To sum up the production data, results show that children perform better on familiar than nonce items, but this pattern was significantly modulated by age. That is, for younger or older children who performed at floor or at ceiling respectively, their performance did not differ, regardless of whether the items were familiar or nonce. However, for those in middle childhood who are in the process of developing their classifier knowledge, having a form-class cue in the input correlates to increasing accuracy in the production of expected classifiers. Not surprisingly given its prominence in the Japanese system, this pattern was further modulated by animacy – children as young as five showed increased production accuracy for familiar over nonce items when these items were animate – providing independent evidence that semantic features can drive production choices, even before ceiling levels are reached. However, this pattern is asymmetric: a difference between inanimate familiar and nonce items is never attested at any age, irrespective of overall accuracy increasing as a function of age. Given that inanimate nouns potentially have less cognitive and/or pragmatic salience, at the youngest of ages our child participants (perhaps Japanese children in general) may not have had enough experience (or cognitive resources) to bootstrap the production of classifiers with inanimate items.
The output of the Conditional Inference Tree indicates that six years of age is a critical point in which development of classifiers takes place for production, which most likely coincides with introduction to formal schooling and enhancement in literacy skills, as they receive more quantitatively and qualitatively rich input from the environment. Most importantly, children do not perform equally well on familiar and nonce items until they are seven years old. Our results are in similar vein to what has been suggested previously in the literature (Uchida & Imai, Reference Uchida and Imai1996, Reference Uchida and Imai1999). If the present study only had production data, we might be inclined to argue in favor of significantly protracted development of the semantics of numeral classifiers. Although possible, we argue that converging evidence beyond production in isolation is needed to make such a conclusion. While we do acknowledge the importance of production data in acquisition studies, production alone cannot be conflated with, as if being equivalent to, acquisition proper. As the results above indicate (which we will proceed to unpack below), both the comprehension and processing parts of the study rather suggest that the production evidence underdetermines the system that younger Japanese children have. In other words, while we replicate the patterns that have previously been shown in production studies, all that can be definitively concluded from the present production data is that Japanese children have protracted productive development of classifiers in relation to their semantics, not the representation of the basic semantic system of the classifiers per se.

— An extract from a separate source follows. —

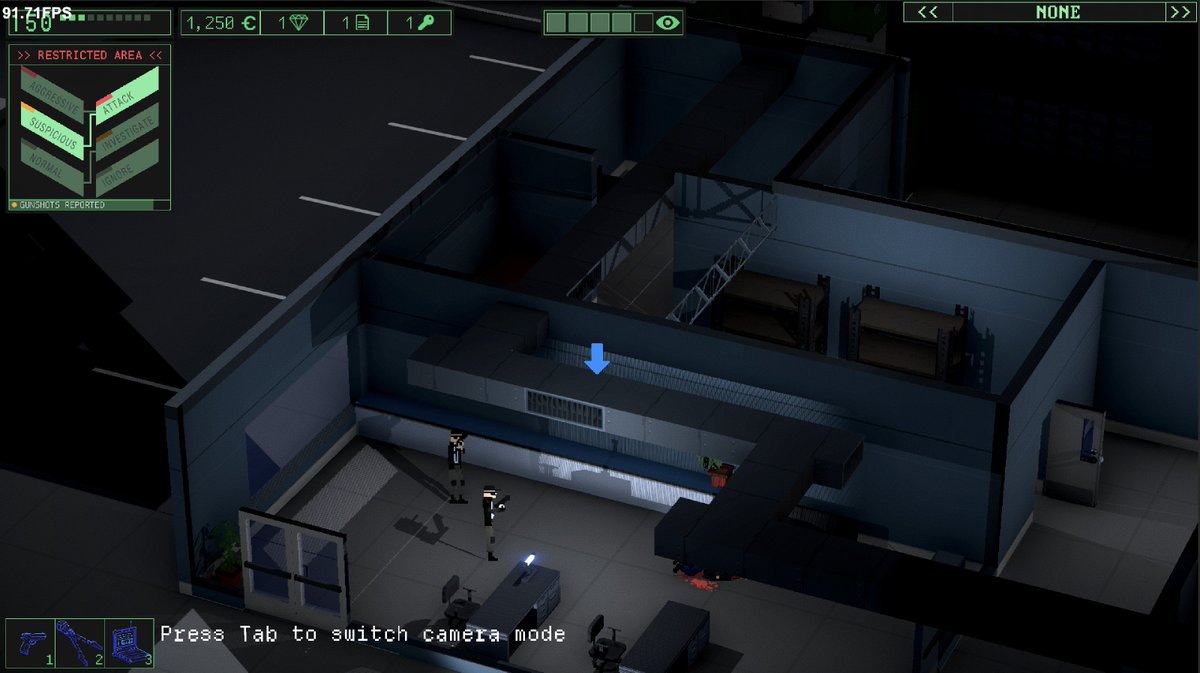 scrudgey's tweet image. wrapped work on the tutorial, updating all the relevant systems and fixing a few longstanding issues and sequence breaks. #gamedev #lowpoly #cyberpunk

Before delving deeper into the complementary modalities of testing, it is worth commenting on a particular aspect of the qualitative analysis for production, as the pattern departs from previous studies. In summary, the most common non-target responses made by children are omissions of classifiers (NC; counting items with bare numerals), followed by substitutions with general classifiers (GC) and, then, use of incorrect classifiers (WC). This finding is in contrast with other studies finding omissions of classifiers to be rare even among younger Japanese and Chinese children (Hao et al., Reference Hao, Bedore, Sheng, Zhou and Zheng2021; Uchida & Imai, Reference Uchida and Imai1999). Such discrepancies may be affected by the inclusion of nonce items in this study. Encountering nonce items may have influenced the children to opt for a strategy of completely omitting classifiers when they could not extend the meaning of classifiers to novice contexts. This is indexed by the fact that children omitted classifiers more frequently when counting nonce items than familiar ones. Out of 120 participants, 20 children did not produce any classifiers (16% of the population, average age = 4.80, SD = 1.15) and 35% of children’s total production (both correct and incorrect) consisted of classifier omission responses. While our study shows a comparatively higher rate of omission, it does not deviate too greatly from what Uchida and Imai (Reference Uchida and Imai1999) found in their study using only familiar items, in which they found that Japanese monolingual four-year-olds make classifier omission errors around 20% of the time.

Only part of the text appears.